Friday, November 30, 2007

Be Afraid. Be Very Afraid.

By Alan Caruba

Enemies of Energy: A November 30 news release from Friends of the Earth announces that this environmental group “has been working behind the scenes to kill a provision in the Democrat’s energy bill that would force taxpayers to underwrite a new generation of nuclear reactors.”

It does not mention that taxpayer’s are forced to underwrite the production of ethanol, a gasoline additive that is (1) driving up the cost of driving your car and all 3,000 products that involve the use of corn, (2) that ethanol generates less energy efficient than gasoline, and (3) provides no savings to the consumer because it requires so much energy to produce it.

However, at a time when all the politicians keep telling us that America must become “energy independent” and “reduce greenhouse emissions”, a leading environmental organization is lobbying hard against subsidies that would encourage the building of nuclear facilities to provide the electricity a nation of 300 million people will need. Nuclear facilities are famously non-polluting.

In a nation in which subsidies to agriculture and all kinds of industrial activities are commonplace, Friends of the Earth is opposed to those which will provide the energy we must have to remain economically competitive and provide for the needs of a growing population.

Nanny Government: We now hear that the Food and Drug Administration wants to regulate the amount of salt (sodium) in our diets. Since when did we cede the right to decide what we eat and how much to the federal government?

Even if it is true that 75% of the salt the average American consumes comes from processed foods and restaurant meals, where is it written in the Constitution that the federal government can and must regulate this? I am all for the FDA protecting Americans against drugs that may harm health and food that may pose a threat, but there’s a big difference between ensuring that meat is not diseased and deciding just how much salt an individual may consume.

There’s a reason there is a high percentage of sodium in packaged foods. Since ancient times it has been known that salt is a preservative, protecting food against spoilage, and it also adds to the taste of food.

I am sure we shall hear numbers cited as to how many people die every year from too much salt in their diet, but one should be suspicious of such statistics as they generally leave out a lot of other factors that may well have also contributed to high blood pressure—such as a genetic inclination in some families towards this—and the fact that many of the people who are said to have died from too much salt may well have died from something else.

Hurricane Hysterics: What do we know as the annual hurricane season comes to an end? We know that the National Oceanic and Atmospheric Administration (NOAA), along with some meteorologists who have gained recognition for their predictions of how many hurricanes will occur both got the 2007 predictions wrong.

The National Center for Public Policy Research, in a November 30 news release, believes that NOAA “is inflating the count of tropical storms and aiding a political campaign to regulate energy use in the process.” It notes that 2007 is the second year in a row that NOAA got its predictions wrong.

We need to understand that there have always been hurricanes as part of the earth’s bounty of disasters that afflict human beings. There were hurricanes before there even were human beings. They are a natural part of the earth’s climate system, so except for the problems they cause whether there are more or less of them has absolutely nothing to do with global warming because there is no dramatic or unusual global warming. The earth has warmed about one degree Fahrenheit since the end of the last mini ice age around 1850.

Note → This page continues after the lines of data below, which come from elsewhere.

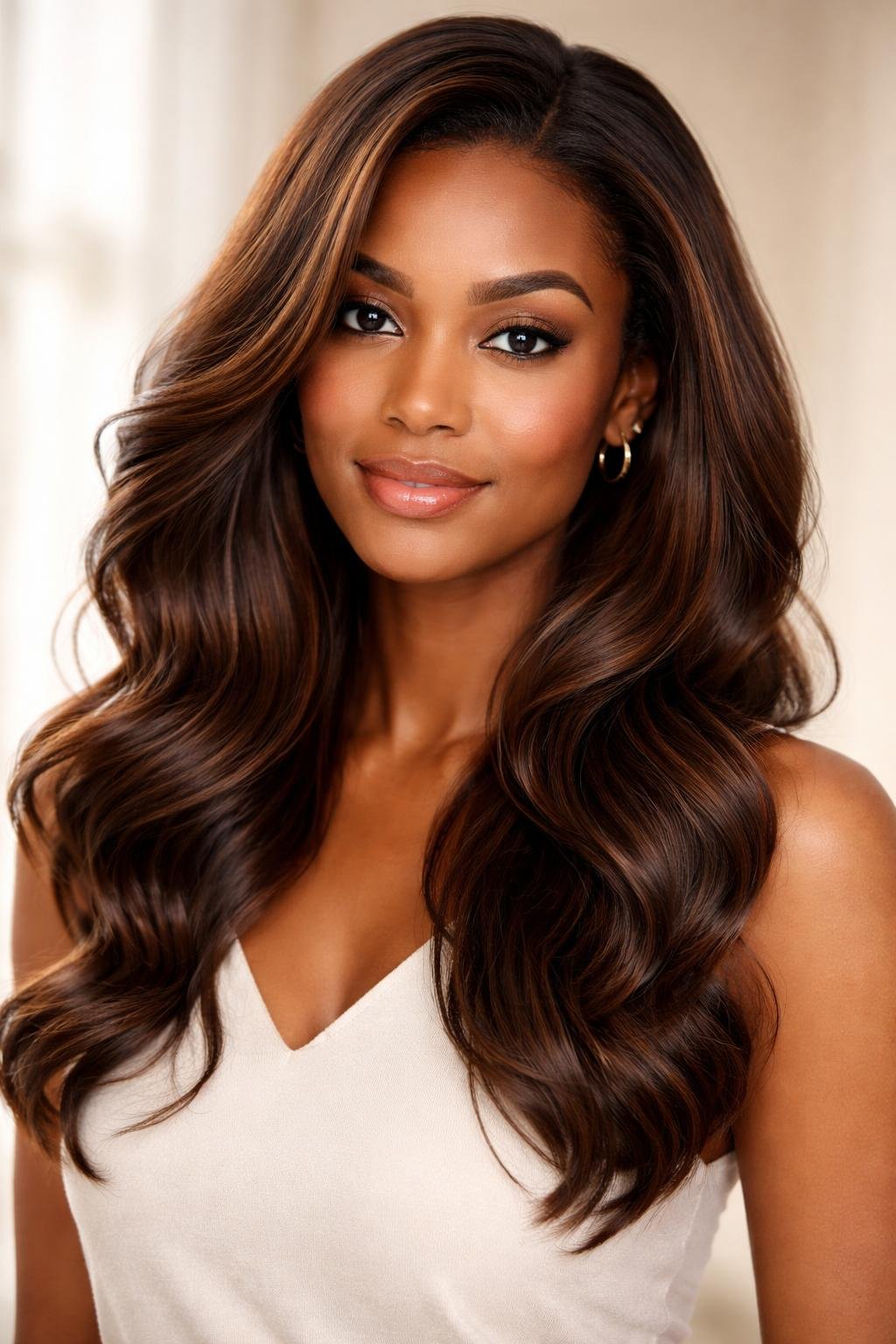 A woman with luminous hazelnut brown hair and radiant dark skin looking confidently at the camera.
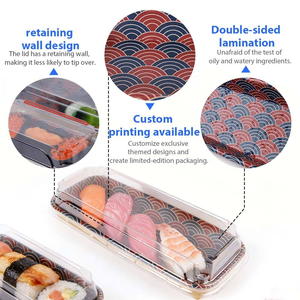 Custom Printed Kraft Paper Sushi Box with Clear Lid, Disposable Food Grade <b>Takeaway</b> <b>Container</b> for Japanese Sushi & Sashimi - Product Image 3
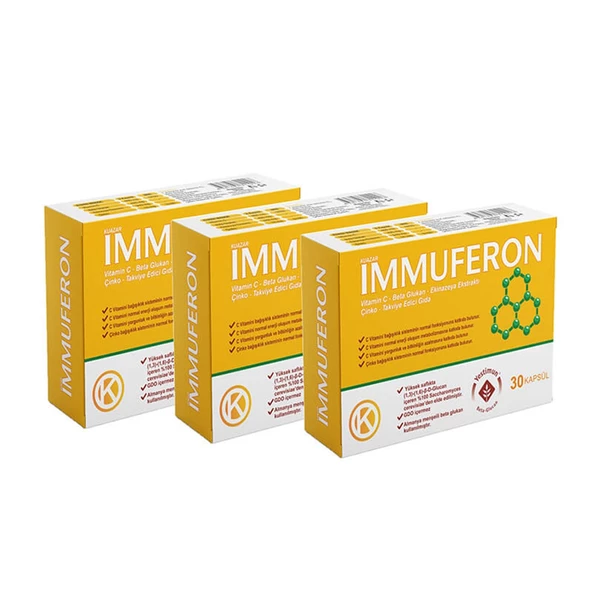 İmmuferon Beta Glucan 200 mg, Ekinezya 120 mg, Vitamin C, Çinko 30 Kapsül - 3'lü - Resim 3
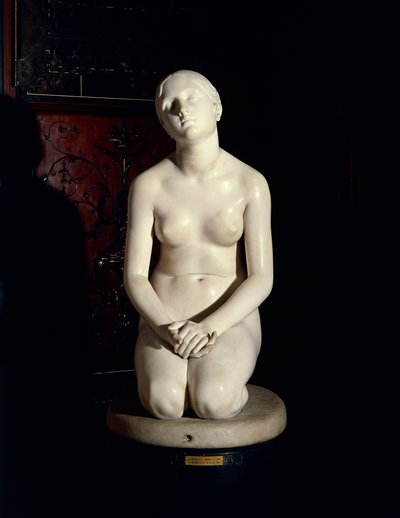 Stol på Gud, av Lorenzo Bartolini (1777-1850), marmorstatue av Lorenzo Bartolini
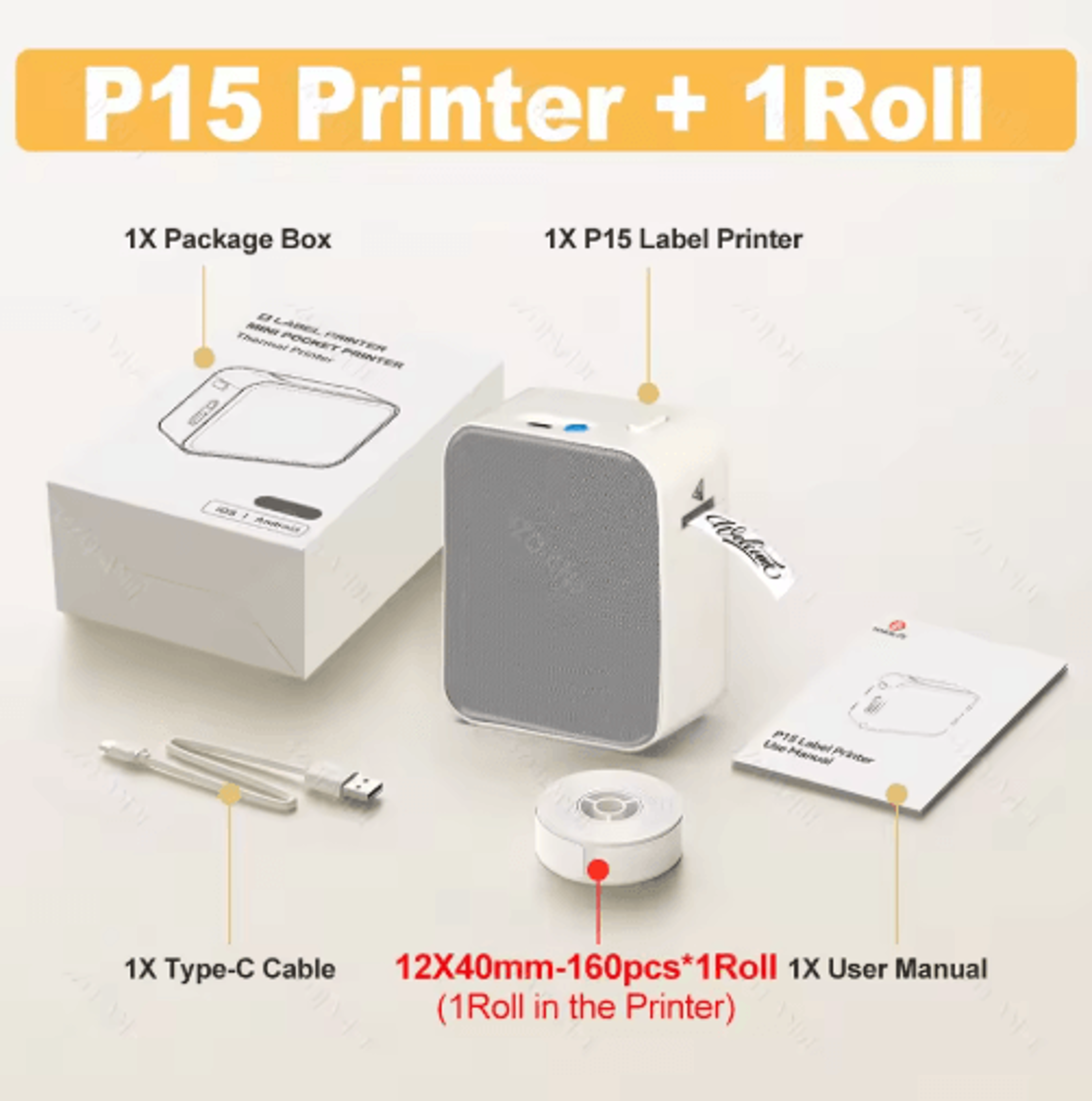 P15 Bluetooth Label Printer  Portable Inkless Mini Label Maker 3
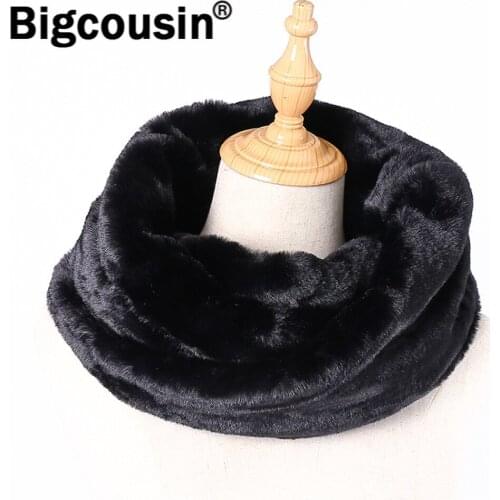 2021 Womens Warm Faux Rabbit Fur Scarves 2020 New Warm Shawl Winter Neckerchief High Quality Female Men Plush Scarf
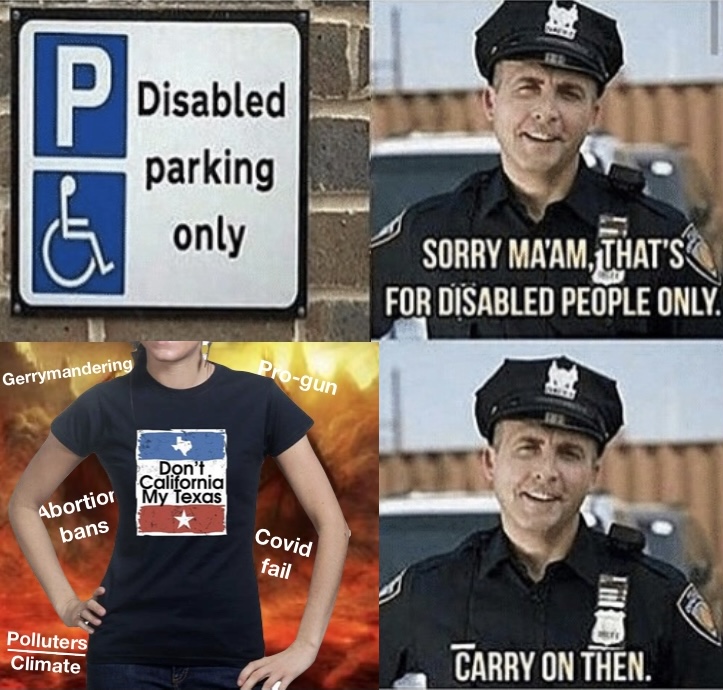 Disabled Parker: Don’t California My Texas T-Shirt Blank Meme Template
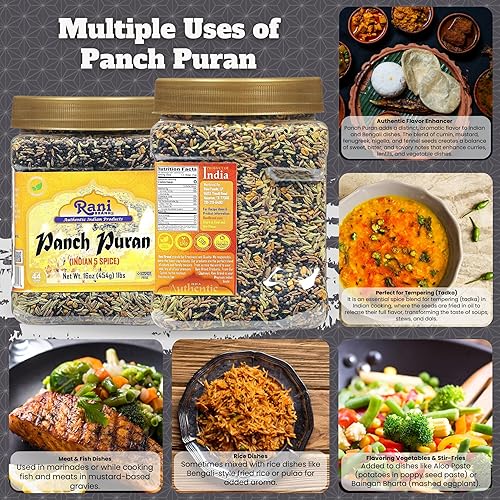 Miniatura 10 de Rani Panch Puran 5 especias 7 oz 200 g  Todo Natural  Vegano  Gluten  Sin OGM  Origen indio mezcla igual de alholva mostaza KalonjiNigella hinojo y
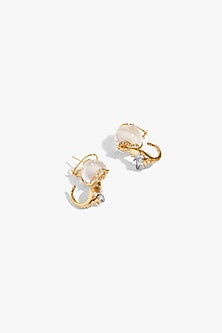 Two Tone Finish Cubic Zirconia & Pearl Seahorse Stud Earrings
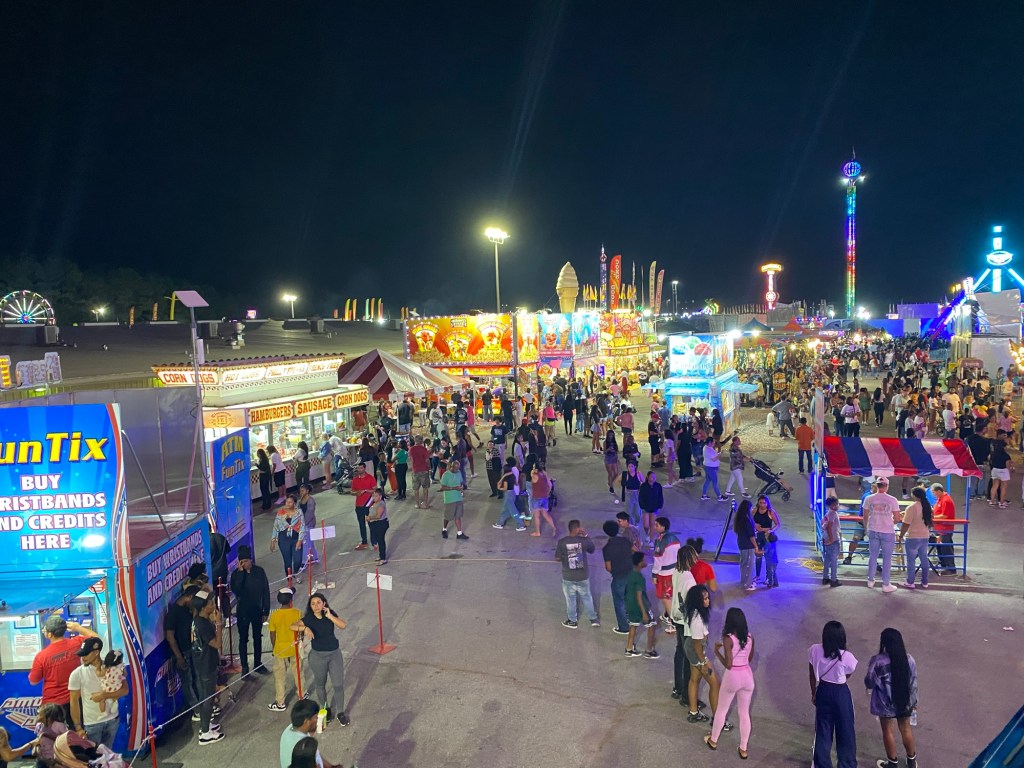 aerial view of the fairground at night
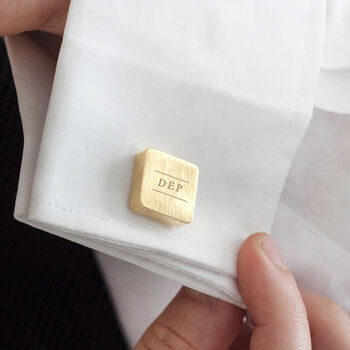 Initial Personalised Solid Square Cufflinks Gold, 2 of 4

And, yes, hurricanes have become politicized in the effort by environmentals to convince everyone the earth is doomed.

I like to tell people that Mother Nature’s message to humans is “Get out of the way! Here comes a hurricane, a tornado, a flood, an earthquake, a blizzard, a wild fire, et cetera.

2 comments:

Matthew Bergin said...

After seeing the change in the US temperature record after Mr Hanson's little adjustment back in August I can not see how anyone can still think that AGW even exists.

Alan Caruba said...

The daily bombardment of "global warming" stories in the media helps to keep this Big Lie alive. Time, however, is on the side of the skeptics as more people learn about what drives the earth's climate systems.